In [2]:
import pandas as pd
import matplotlib
import numpy as np
from sklearn import preprocessing
from sklearn import linear_model
from sklearn.model_selection import train_test_split

## Introduction
The first attempt using linear regression (see the "LinearRegression" notebook in this same directory) did not go well. We got a R^2 score of -1377777, which is very bad.

I think the reason is that we trained on 400+ models on only 42,000 rows of data. This means some models only had 3 examples, which doesn't seem like enough to learn to identify them.

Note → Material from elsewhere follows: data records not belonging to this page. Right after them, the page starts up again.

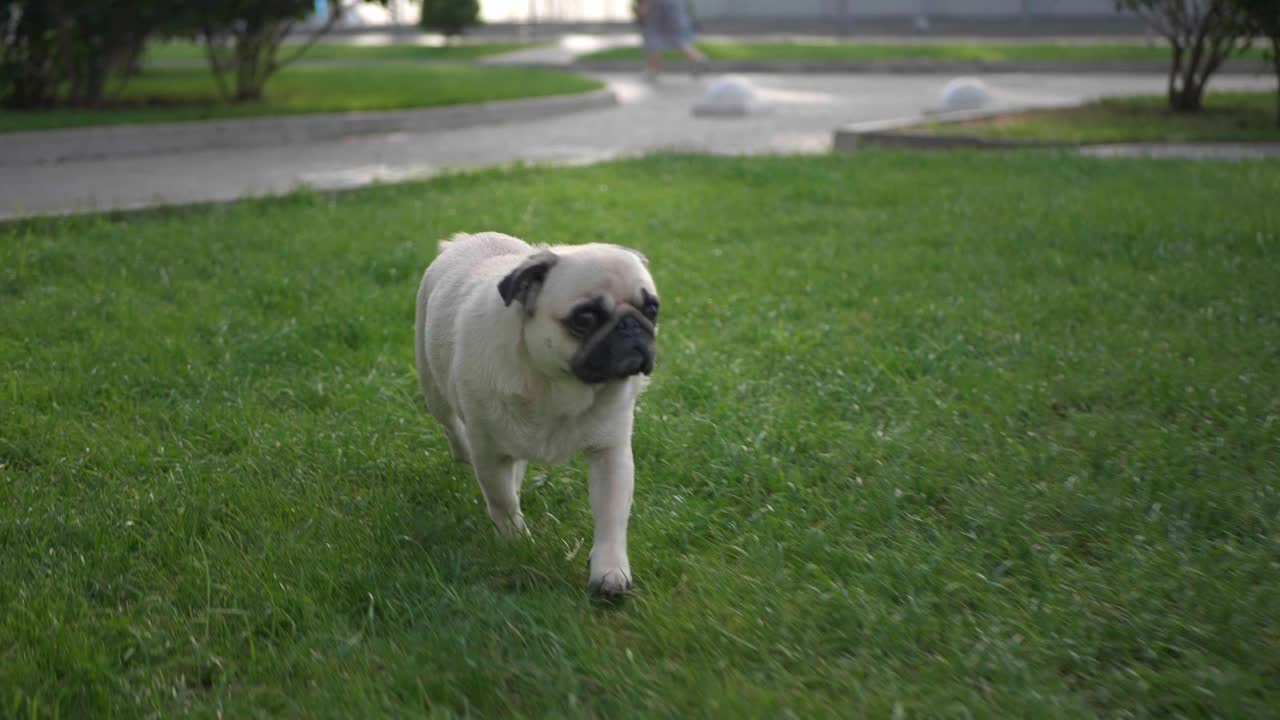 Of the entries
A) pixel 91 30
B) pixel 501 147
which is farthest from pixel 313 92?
pixel 501 147

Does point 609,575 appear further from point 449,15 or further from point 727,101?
point 449,15

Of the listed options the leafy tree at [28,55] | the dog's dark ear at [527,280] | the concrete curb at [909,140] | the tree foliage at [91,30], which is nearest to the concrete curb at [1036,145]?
the concrete curb at [909,140]

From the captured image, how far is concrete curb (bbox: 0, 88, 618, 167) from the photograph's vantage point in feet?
39.0

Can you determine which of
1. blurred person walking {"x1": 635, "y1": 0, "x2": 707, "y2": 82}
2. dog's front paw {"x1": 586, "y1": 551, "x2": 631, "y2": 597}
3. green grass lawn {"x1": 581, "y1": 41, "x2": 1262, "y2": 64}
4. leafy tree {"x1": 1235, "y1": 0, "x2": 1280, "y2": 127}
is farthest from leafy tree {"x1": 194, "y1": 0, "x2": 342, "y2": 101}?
green grass lawn {"x1": 581, "y1": 41, "x2": 1262, "y2": 64}

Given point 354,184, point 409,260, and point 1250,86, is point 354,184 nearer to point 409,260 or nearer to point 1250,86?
point 409,260

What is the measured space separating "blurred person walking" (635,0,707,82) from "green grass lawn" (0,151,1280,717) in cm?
1871

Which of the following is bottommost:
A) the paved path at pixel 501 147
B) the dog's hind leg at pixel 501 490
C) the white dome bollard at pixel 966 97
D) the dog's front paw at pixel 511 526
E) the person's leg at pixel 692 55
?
the dog's front paw at pixel 511 526

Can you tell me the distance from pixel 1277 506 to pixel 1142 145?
9175 mm

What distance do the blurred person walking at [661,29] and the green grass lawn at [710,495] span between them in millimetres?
18712

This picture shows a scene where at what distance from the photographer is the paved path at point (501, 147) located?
1013 cm

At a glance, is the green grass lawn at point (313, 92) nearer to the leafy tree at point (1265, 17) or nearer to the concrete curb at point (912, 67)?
the concrete curb at point (912, 67)

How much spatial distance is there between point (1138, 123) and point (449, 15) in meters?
26.5

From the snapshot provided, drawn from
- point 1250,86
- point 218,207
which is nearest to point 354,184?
point 218,207

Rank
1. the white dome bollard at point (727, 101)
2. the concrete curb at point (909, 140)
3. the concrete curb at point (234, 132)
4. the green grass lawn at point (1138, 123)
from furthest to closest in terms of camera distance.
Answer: the white dome bollard at point (727, 101)
the green grass lawn at point (1138, 123)
the concrete curb at point (909, 140)
the concrete curb at point (234, 132) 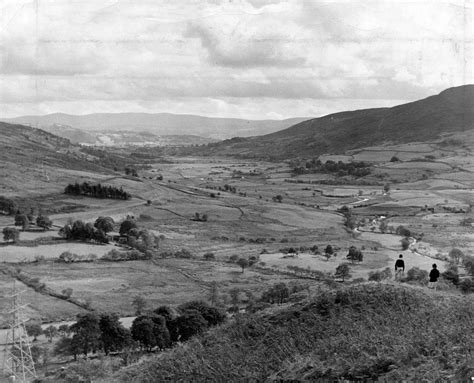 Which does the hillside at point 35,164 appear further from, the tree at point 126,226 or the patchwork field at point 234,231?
→ the tree at point 126,226

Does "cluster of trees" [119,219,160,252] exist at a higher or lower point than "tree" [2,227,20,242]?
lower

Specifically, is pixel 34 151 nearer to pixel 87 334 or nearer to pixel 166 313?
pixel 166 313

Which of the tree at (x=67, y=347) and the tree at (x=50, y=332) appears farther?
the tree at (x=50, y=332)

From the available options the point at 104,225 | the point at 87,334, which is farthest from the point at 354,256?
the point at 87,334

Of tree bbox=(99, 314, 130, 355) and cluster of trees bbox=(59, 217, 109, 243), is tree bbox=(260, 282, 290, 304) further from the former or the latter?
Result: cluster of trees bbox=(59, 217, 109, 243)

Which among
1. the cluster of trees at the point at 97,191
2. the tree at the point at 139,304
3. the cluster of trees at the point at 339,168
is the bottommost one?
the tree at the point at 139,304

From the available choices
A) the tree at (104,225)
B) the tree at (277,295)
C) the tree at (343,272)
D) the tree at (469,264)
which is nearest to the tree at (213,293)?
the tree at (277,295)

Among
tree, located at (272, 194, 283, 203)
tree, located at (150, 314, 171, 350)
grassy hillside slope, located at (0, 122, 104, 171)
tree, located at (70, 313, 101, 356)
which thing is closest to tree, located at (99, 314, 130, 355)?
tree, located at (70, 313, 101, 356)

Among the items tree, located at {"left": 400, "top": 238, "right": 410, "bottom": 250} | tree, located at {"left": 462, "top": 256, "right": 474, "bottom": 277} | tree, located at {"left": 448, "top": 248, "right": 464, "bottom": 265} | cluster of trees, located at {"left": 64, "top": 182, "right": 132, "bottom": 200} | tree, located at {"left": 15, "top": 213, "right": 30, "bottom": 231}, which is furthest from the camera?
cluster of trees, located at {"left": 64, "top": 182, "right": 132, "bottom": 200} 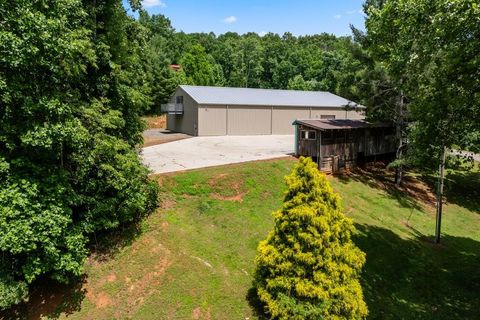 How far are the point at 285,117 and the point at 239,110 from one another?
5155mm

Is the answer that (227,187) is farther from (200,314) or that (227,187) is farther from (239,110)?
(239,110)

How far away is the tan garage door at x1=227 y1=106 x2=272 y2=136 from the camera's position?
30.8m

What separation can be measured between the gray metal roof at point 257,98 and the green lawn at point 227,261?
1585 cm

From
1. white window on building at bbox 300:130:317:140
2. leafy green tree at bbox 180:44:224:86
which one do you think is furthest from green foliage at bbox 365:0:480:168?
leafy green tree at bbox 180:44:224:86

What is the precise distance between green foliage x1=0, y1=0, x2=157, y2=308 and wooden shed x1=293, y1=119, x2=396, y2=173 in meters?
10.5

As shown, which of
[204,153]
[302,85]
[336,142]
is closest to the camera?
[336,142]

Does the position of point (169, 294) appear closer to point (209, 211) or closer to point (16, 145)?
point (209, 211)

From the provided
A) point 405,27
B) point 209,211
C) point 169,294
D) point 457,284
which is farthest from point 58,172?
point 457,284

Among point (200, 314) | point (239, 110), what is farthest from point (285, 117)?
point (200, 314)

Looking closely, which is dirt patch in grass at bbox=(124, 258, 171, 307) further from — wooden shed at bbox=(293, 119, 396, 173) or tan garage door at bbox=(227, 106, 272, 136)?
tan garage door at bbox=(227, 106, 272, 136)

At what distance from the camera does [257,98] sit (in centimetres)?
3331

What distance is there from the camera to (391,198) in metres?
18.0

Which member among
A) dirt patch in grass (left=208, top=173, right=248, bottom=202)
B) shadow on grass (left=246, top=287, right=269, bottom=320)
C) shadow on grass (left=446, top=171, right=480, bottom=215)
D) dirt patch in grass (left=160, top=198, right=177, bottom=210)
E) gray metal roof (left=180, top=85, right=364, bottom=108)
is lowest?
shadow on grass (left=246, top=287, right=269, bottom=320)

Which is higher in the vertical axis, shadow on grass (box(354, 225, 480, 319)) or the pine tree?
the pine tree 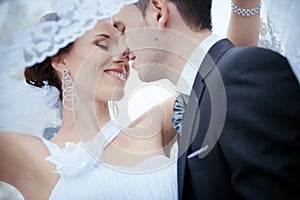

For this notebook, I've restricted the data to only those models that have 100 or more examples in the dataset.

## Data Preparation
Read the data and look at the first few rows:

In [3]:
# df = pd.read_csv('../../data/cars/processed_data/data-3-27-18-restricted-model.csv')
df = pd.read_csv('../../data/aggregated/processed_data/data-3-28-18-restricted.csv')
df.head(5)

Unnamed: 0,listing_id,vin,make,model,year,mileage,transmission,exterior_color,state,price,source
0,728835398,1FM5K7B86DGB59447,Ford,Explorer,2013,115244.0,Automatic,Silver,CO,12788,Cars.com
1,728467649,JTEZT14R350022851,Toyota,4-Runner,2005,183578.0,Automatic,White,GA,7021,Cars.com
2,728759154,1GNKVGKDXHJ317848,Chevrolet,Traverse,2017,23077.0,Automatic,White,NM,25900,Cars.com
3,728922954,1N6AD0ER7EN718734,Nissan,Frontier,2014,25864.0,Automatic,Blue,CA,18995,Cars.com
4,729022991,2T3WFREV9FW164238,Toyota,RAV4,2015,28785.0,Automatic,White,CA,20995,Cars.com


Replace missing values in those columns that are missing data:

In [5]:
# Continuous
df['mileage'] = df['mileage'].fillna((df['mileage'].mean()))
df['year'] = df['year'].fillna((df['year'].mean()))

# Categorical
df['make'] = df['make'].fillna(df['make'].value_counts().index[0])
df['model'] = df['model'].fillna(df['model'].value_counts().index[0])
df['state'] = df['state'].fillna(df['state'].value_counts().index[0])
df['transmission'] = df['transmission'].fillna(df['transmission'].value_counts().index[0])

## Model Training

In [7]:
features = df[['make', 'model', 'mileage', 'state', 'transmission', 'year']]
labels = df[['price']]
features_encoded = pd.get_dummies(features, columns=['make', 'model', 'state', 'transmission'])
X_train, X_test, Y_train, Y_test = train_test_split(features_encoded, labels, test_size=0.2, train_size=0.8)

In [8]:
model = linear_model.LinearRegression()
model.fit(X_train, Y_train)

LinearRegression(copy_X=True, fit_intercept=True, n_jobs=1, normalize=False)

In [15]:
model.score(X_test, Y_test)

0.77724205828266502

A much better score! Restricting the model to only examples with lots of data has really helped.